SGAE/ pytorch 0.4.0

Auto-Encoding Scene Graphs for Image Captioning, CVPR 2019

Acknowledgement

This repository is derived from work of Yang Xu et al. at https://github.com/yangxuntu/SGAE

This code is implemented based on Ruotian Luo's implementation of self critical sequence training in https://github.com/ruotianluo/self-critical.pytorch.

And we use the visual features provided by paper Bottom-up and top-down attention for image captioning and visual question answering in https://github.com/peteanderson80/bottom-up-attention.

Training the model

1.After downloading the codes and meta data, you can train the model by using the following code:

python train_mem.py --id id66 --caption_model lstm_mem4 --input_json data/cocobu2.json --input_fc_dir data/cocobu_fc --input_att_dir data/cocobu_att --input_rela_dir data/cocobu_sg_img --input_ssg_dir data/coco_spice_sg2 --input_label_h5 data/cocobu2_label.h5 --sg_dict_path data/spice_sg_dict2.npz --batch_size 50 --accumulate_number 2 --learning_rate 5e-4 --learning_rate_decay_start 0 --learning_rate_decay_every 5 --scheduled_sampling_start 0 --checkpoint_path id66 --save_checkpoint_every 5000 --val_images_use 5000 --max_epochs 150 --rnn_size 1000 --input_encoding_size 1000 --att_feat_size 2048 --att_hid_size 512 --self_critical_after 40 --train_split train --memory_size 10000 --memory_index c --step2_train_after 10 --step3_train_after 20 --use_rela 0 --gpu 5

Important notes: I reorganized and optimized the code recently and found that even without MGCN, this code can achieve 127.8 CIDEr-D score.
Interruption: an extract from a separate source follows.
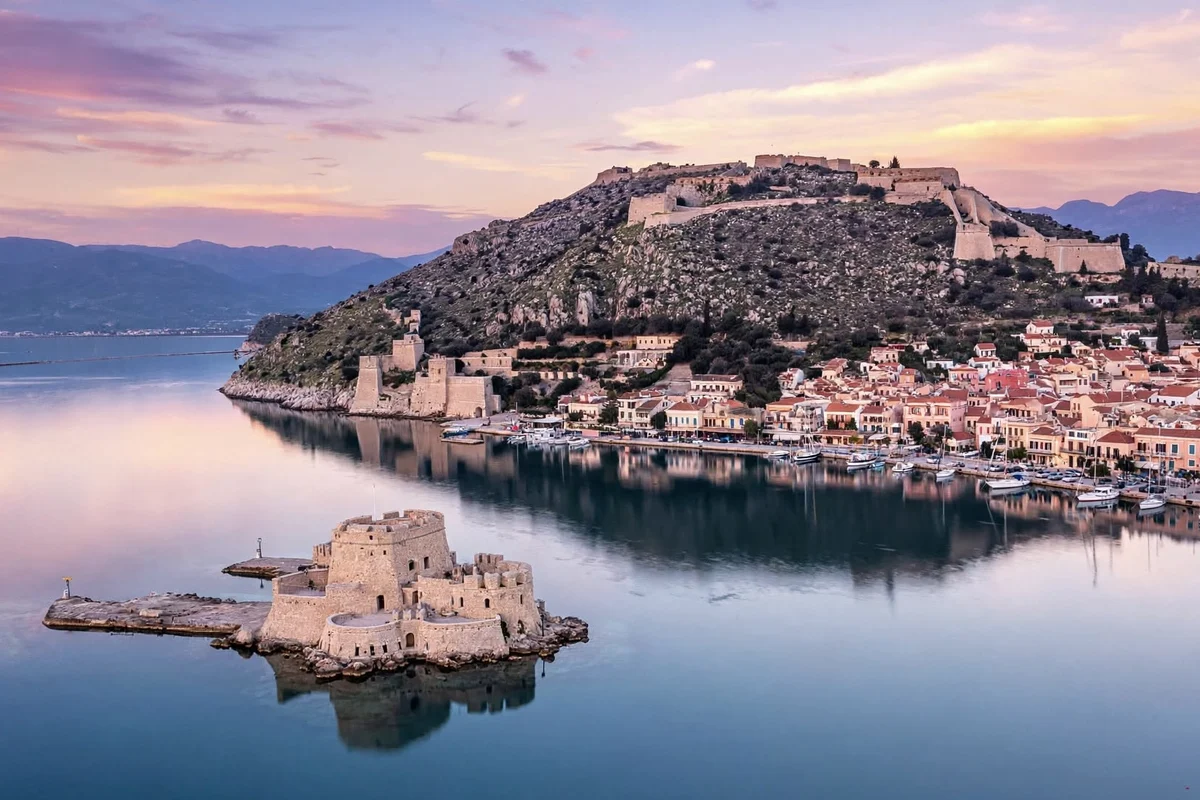Sergiani Travel, το Ναύπλιο και το Μπούρτζι στο σούρουπο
But you need to have a 16G gpu like DGX. If your memory is not enough, you should change --batch_size from 50 to 25, and --accumulate_number from 2 to 4, which can make the batch size be 100. But I found that these two different settings will lead to different performances.

2.You can also go to my google drive to download two well-trained models which are modelid740072 and modelid640075 for getting about 128.3 CIDEr-D scores, and these two models are trained by using the above scripts.

3.The details of parameters:

--id: the id of your model, which is usually set as the same as check point, which is helpful for you to train from the check point.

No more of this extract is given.